Hello and Welcome!

I am, and always have been, a notoriously bad blogger. But I'm back to give it another try, one more time.

I seem to have rediscovered my "pep" in recent times, and I'm ready to try some new things, and get back into the things that matter to me... at this stage, this chiefly involves getting fit and losing weight (again!)




Monday, September 20, 2010

Goal check

Well here I am, reporting on progress to date on the weekly plan.

Exercise - success. I went for a run this morning, despite spending a good 10 minutes trying to talk myself out of it. I took a 4km route I've done a couple of times in recent weeks, and I can really see the improvements I've made already, which is very encouraging. I'm running at almost 9km/hour (including some quite unfriendly hills), and managed to run the whole way without dying. Tonight I went to the gym and sat on a bike for 15 minutes, then joined the ''orbit'' class. This is a swiss ball based toning class, which I thought would be pretty easy. Um, no. I suspect the rest of my weekly exercise plans will be in danger come tomorrow morning when I'm unable to walk. Lots of squats and lunges (which incidentally is exactly why I have to do classes and not freestyle it myself either at the gym or at home.

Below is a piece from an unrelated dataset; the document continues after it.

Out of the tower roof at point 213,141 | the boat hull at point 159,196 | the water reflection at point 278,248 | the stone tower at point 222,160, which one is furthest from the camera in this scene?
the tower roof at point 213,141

I'll use a leg press machine and whatever, but I will NEVER do squats and lunges unless I'm forced to do them in a class. And I know they're good for me... but they hurt!!)

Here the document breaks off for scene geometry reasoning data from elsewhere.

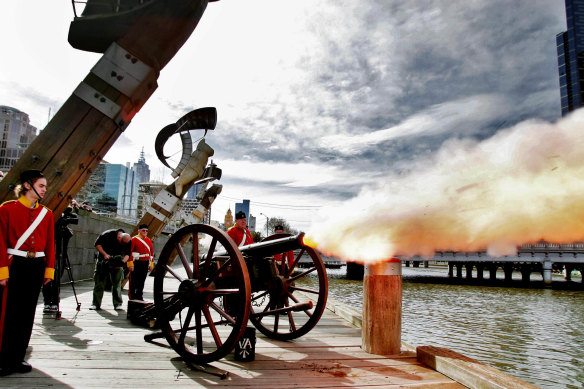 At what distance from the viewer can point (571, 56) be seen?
82.1 m

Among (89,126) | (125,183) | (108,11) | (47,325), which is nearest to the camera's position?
(89,126)

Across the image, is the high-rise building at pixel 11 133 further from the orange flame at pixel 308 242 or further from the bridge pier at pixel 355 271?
the orange flame at pixel 308 242

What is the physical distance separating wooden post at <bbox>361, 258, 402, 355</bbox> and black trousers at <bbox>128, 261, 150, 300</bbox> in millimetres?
5204

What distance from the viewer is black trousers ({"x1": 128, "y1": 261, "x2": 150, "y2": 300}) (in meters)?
7.47

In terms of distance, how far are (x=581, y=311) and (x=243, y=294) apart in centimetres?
2472

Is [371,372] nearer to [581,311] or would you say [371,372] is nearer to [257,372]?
[257,372]

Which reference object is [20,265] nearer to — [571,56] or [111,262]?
[111,262]

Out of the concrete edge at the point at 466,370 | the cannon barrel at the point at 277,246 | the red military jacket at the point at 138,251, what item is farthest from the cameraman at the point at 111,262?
the concrete edge at the point at 466,370

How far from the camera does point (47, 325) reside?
5.36 m

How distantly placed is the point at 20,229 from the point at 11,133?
403ft

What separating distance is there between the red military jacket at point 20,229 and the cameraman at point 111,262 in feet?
11.4

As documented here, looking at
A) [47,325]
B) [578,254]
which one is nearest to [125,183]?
[578,254]

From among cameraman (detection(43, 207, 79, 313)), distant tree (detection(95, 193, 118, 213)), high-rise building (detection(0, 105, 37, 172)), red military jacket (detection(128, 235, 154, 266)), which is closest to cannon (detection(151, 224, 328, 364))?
cameraman (detection(43, 207, 79, 313))

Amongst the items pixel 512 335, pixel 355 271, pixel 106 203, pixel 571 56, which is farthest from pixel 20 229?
pixel 106 203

Food intake - not terrible, but could be better. I can't believe I'm berating myself for under-eating, this is an all time first for me. I've eaten all really good, nutritious food, but only 1,300 calories, which is really a bit light on with 1 1/2 hours of exercise. As I've said before, my head is broken when it comes to food, and being a recovering binge-eater makes me hesitant to push more food in when I'm not really hungry. I could certainly eat more, I don't doubt that, but I don't feel that I need it especially. I am theorising that my appetite will really pick up once I'm doing a lot more regular exercise, so I think I'll roll with it for now, and make a conscious effort to increase the intake if I'm struggling for energy later in the week.

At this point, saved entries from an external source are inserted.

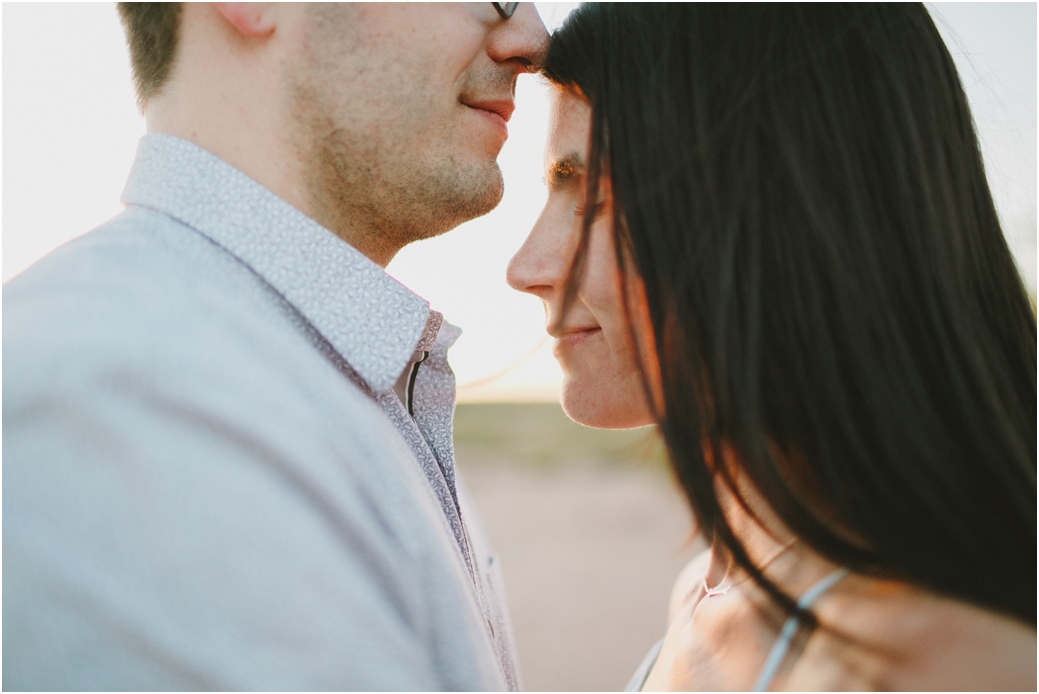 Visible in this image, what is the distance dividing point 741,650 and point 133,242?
147 centimetres

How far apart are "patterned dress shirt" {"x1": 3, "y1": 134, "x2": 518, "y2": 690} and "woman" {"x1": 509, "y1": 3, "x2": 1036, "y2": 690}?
571mm

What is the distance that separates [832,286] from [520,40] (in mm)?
1142

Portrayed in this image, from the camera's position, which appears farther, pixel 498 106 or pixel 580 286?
pixel 498 106

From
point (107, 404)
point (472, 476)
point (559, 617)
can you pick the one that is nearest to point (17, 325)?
point (107, 404)

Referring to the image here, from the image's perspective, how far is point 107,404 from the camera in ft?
3.96

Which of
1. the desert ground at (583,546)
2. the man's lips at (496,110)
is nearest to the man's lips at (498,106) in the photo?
the man's lips at (496,110)

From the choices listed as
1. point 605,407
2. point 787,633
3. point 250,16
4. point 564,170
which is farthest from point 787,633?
point 250,16

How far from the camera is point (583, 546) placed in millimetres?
11055

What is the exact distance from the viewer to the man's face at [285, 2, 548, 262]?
1840mm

When I come to think about it, I guess my intake is low mainly because I'm not factoring in "treats" much these days, so perhaps it's not so bad after all - that crap doesn't fuel the body anyway. There are duel reasons for the lack of treats in my diet at this stage. #1, I've developed an allergy to chocolate. Sob. It gives me a gross rash all over my body. #2, it's the treat foods that have been mostly responsible for binge eating behaviour in recent times (you know the drill, bake a batch of muffins then eat them all...) At the moment I'm coping quite well without the treats in my daily intake - if I don't start on the rubbish, I can't get stuck in a binge-spiral. I'm not naïve enough to think this is sustainable for all eternity, and if I'm out with people or I particularly want something, I'll have it. But for now, I'll have to make sure that's in public, so I can't eat a whole cake instead of just a slice, or whatever it may be.

Focus at work - ahem. Next topic.

Sleep - I got a good 7 hours in last night, but if I don't stop blogging, tonight's not going to be so good. Goodnight all!

1 comment:

  1. Erk, my food was terrible last night... I was so hungry after training yesterday morning, I didn't think to pack more lunch and just about inhaled the house when I got home... best review that for next week!!

    Thanks for the comment on the running... I know you're right. Once I find that rhythm, I'll be ok... so for the moment... I'll work on finding that. It comes to me sometimes!!